Depending on the numbers game, that may not need to include the Lib Dems if, for instance, Brown only needed a handful of seats and secured better terms, for example, from the combined Plaid Cymru/SNP nationalist block, which could number a dozen or so.
In those circumstances, Tory leader David Cameron would only be invited by the Queen to try to form a government if Mr Brown failed.
Clegg has said the party that secures the most support has the moral right to seek to form a government, and he could be in a sufficiently strong position to enforce that view.

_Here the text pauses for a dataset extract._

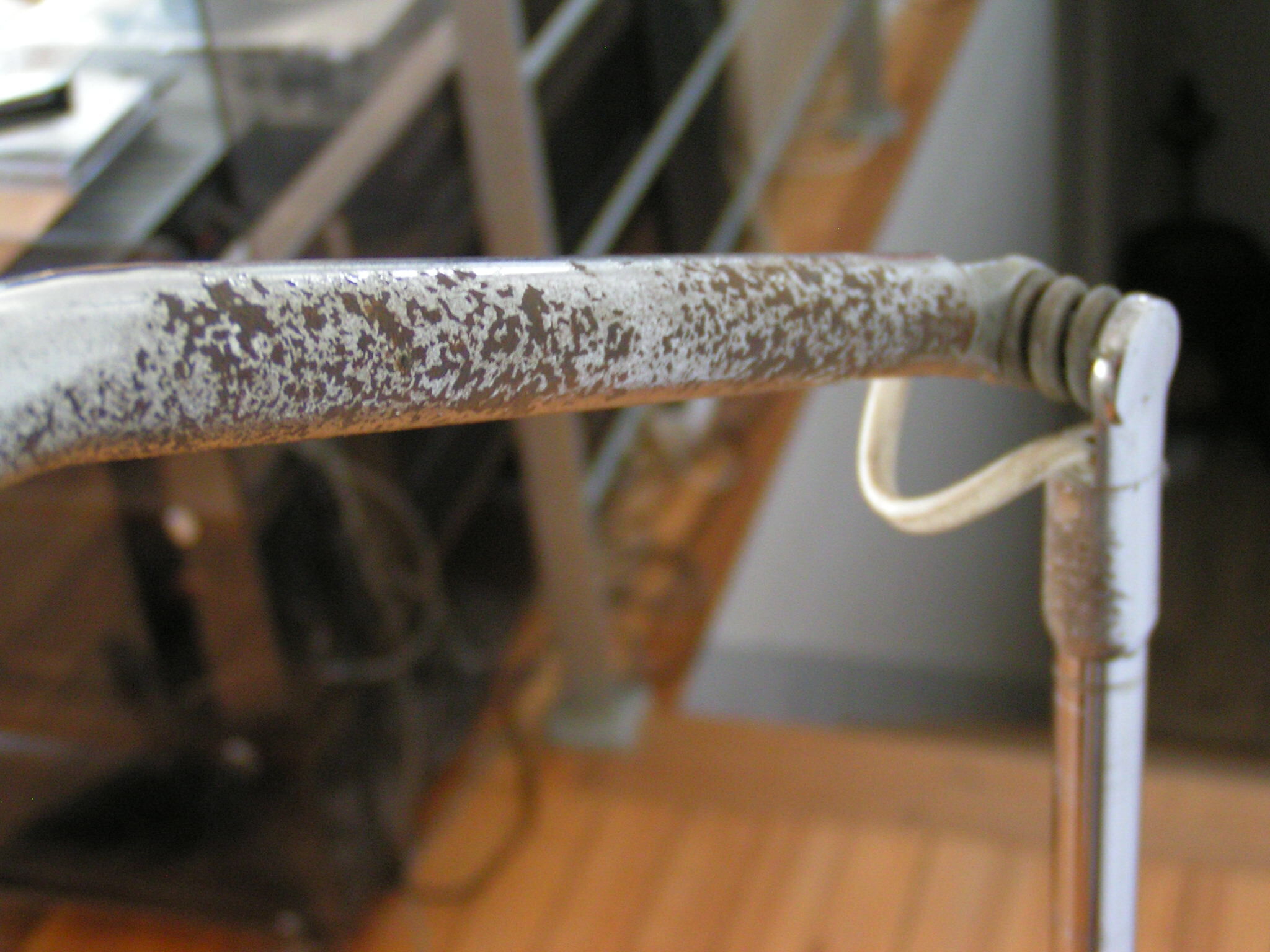 Industrial lamp KI-E-KLAIR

However, he has refused to state whether "most support" should be measured in votes (as it would in a proportional representation system which his party supports), which would in most recent polls mean the Conservatives, or in seats, which would mean Labour. Asked which, he replied: "both".
Clegg is desperate to avoid any sign that he might work with the Tories, because that would lead to Labour taunts that a vote for the Lib Dems was the same as a vote for the Tories, or with Labour because the Tories would claim a vote for a Lib Dem candidate was the same as voting Labour.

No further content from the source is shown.